→ **Input for this task**
-- -- --

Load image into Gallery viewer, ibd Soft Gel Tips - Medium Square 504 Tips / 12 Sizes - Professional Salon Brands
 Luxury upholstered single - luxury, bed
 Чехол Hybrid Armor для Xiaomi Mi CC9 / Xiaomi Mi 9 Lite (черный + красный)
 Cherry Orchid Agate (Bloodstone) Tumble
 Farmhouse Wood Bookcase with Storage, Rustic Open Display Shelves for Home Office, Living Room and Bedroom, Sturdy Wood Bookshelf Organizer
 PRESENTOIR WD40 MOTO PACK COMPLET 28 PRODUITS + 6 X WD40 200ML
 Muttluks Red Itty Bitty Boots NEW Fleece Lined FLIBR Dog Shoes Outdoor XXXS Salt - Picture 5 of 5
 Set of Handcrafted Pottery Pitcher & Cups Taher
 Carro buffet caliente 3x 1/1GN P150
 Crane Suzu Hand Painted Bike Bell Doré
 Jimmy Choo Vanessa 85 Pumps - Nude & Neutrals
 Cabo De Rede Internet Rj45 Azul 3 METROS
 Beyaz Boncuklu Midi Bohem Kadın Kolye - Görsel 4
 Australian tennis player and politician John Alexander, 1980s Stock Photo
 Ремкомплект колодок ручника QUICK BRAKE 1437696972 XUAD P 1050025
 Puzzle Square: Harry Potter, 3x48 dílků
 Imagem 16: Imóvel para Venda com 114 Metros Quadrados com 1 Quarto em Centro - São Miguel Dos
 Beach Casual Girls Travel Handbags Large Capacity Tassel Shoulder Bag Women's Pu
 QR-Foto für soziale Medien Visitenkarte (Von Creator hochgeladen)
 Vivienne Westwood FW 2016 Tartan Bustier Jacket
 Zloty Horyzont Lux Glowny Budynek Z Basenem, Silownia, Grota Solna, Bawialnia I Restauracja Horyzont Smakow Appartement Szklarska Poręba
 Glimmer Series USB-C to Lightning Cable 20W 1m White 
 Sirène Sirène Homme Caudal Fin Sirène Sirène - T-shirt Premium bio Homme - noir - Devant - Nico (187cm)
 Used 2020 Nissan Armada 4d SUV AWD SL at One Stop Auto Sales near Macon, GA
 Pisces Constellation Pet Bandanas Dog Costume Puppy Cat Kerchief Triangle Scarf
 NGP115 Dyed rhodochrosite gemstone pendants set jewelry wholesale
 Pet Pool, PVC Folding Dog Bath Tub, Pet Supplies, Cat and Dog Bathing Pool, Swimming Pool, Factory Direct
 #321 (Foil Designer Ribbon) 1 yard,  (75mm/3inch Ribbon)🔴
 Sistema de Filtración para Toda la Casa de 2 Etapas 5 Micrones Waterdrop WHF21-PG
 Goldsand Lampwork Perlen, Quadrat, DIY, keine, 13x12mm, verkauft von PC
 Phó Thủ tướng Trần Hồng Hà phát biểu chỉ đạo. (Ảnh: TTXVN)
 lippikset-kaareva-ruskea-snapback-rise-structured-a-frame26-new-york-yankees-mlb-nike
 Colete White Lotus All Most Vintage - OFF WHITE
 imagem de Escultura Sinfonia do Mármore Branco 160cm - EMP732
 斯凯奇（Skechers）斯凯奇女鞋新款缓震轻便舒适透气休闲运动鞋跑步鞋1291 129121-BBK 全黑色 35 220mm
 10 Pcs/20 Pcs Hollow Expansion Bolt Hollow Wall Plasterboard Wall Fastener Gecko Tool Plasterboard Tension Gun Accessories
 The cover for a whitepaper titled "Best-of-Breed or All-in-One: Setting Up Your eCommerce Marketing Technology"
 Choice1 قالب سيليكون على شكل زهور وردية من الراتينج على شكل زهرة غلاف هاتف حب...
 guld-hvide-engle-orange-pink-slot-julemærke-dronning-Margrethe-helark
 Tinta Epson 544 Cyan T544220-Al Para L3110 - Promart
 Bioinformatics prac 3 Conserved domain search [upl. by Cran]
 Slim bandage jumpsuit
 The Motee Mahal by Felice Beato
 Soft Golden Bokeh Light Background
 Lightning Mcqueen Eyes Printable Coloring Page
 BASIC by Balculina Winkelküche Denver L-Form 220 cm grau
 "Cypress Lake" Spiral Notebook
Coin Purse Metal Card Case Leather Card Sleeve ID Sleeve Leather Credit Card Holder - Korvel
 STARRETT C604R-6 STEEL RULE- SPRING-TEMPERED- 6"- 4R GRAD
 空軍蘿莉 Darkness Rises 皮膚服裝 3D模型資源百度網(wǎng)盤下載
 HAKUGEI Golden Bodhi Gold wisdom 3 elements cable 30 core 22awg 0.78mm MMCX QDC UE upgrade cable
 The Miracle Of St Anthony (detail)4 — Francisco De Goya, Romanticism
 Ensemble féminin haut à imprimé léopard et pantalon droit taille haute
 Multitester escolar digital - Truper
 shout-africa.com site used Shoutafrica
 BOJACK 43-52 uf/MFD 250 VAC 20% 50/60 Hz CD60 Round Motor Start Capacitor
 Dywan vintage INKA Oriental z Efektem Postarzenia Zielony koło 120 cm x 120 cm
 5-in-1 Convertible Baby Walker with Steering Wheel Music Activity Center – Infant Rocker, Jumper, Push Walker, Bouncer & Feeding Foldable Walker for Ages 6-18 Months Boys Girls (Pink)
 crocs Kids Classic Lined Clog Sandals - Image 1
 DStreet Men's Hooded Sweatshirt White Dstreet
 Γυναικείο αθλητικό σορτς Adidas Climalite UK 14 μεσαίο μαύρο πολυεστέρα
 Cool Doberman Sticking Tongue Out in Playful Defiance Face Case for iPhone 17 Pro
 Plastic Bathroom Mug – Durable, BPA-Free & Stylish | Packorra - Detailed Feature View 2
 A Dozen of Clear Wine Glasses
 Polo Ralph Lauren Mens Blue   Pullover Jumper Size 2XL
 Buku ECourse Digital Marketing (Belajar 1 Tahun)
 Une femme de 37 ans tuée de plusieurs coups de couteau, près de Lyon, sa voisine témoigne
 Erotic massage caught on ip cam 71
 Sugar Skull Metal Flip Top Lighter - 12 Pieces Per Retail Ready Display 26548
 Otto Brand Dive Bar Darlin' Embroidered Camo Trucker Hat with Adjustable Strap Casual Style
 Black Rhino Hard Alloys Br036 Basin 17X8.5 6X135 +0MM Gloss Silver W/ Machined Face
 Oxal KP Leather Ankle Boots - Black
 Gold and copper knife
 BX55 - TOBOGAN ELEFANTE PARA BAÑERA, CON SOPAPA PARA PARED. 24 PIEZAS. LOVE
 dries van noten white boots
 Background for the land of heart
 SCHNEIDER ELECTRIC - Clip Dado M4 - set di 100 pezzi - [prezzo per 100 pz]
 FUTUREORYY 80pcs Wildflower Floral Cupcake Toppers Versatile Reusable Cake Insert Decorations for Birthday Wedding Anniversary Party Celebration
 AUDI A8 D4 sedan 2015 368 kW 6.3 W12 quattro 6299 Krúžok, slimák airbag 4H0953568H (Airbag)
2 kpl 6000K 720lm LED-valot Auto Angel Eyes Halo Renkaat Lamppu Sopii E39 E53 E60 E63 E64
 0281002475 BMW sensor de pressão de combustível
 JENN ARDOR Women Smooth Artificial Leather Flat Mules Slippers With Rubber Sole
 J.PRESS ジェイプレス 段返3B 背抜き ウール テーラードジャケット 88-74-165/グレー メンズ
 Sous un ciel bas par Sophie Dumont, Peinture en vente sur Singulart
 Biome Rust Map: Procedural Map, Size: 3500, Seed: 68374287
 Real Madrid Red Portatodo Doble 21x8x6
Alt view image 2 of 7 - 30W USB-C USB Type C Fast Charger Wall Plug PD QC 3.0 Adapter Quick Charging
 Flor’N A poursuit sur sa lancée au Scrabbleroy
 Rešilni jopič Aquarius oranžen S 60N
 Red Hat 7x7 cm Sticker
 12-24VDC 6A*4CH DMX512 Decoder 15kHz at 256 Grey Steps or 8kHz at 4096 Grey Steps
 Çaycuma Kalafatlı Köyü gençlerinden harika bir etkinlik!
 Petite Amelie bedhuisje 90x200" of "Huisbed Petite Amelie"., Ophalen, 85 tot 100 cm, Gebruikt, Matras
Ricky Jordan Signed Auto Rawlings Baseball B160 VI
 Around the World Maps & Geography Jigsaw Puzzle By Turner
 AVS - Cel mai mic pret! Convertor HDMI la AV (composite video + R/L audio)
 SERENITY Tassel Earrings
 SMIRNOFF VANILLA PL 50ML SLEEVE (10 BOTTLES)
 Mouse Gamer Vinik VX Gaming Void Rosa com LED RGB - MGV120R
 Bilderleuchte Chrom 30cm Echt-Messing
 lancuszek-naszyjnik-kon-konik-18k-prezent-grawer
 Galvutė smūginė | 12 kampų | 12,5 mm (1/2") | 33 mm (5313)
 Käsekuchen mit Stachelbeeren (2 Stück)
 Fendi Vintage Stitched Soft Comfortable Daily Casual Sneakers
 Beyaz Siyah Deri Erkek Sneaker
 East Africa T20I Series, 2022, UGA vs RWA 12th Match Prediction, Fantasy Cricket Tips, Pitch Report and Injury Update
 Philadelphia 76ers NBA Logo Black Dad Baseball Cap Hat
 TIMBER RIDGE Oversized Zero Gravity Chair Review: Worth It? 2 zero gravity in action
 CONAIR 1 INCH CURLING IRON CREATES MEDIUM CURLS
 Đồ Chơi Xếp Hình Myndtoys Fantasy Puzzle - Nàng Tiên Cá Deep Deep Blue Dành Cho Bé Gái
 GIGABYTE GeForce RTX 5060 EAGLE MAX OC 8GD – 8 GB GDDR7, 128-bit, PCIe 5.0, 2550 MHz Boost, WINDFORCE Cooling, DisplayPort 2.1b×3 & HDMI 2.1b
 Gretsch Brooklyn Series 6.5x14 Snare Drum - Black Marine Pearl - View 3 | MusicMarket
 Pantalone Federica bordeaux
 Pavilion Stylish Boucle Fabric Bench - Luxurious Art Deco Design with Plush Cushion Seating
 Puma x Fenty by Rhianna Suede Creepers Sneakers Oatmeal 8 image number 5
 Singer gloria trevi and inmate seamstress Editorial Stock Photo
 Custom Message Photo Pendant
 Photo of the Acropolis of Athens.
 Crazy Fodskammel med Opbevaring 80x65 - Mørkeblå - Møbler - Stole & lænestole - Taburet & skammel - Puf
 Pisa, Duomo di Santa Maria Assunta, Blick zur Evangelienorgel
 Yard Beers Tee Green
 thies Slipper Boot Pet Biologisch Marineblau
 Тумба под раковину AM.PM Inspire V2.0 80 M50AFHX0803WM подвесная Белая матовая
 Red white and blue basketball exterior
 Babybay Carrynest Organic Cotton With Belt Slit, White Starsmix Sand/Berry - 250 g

-- -- --

→ **To do**
Working from the entries above, filter out every line that lacks "Eyes" and copy what remains.

→ **Solution for this exercise**
 Lightning Mcqueen Eyes Printable Coloring Page
2 kpl 6000K 720lm LED-valot Auto Angel Eyes Halo Renkaat Lamppu Sopii E39 E53 E60 E63 E64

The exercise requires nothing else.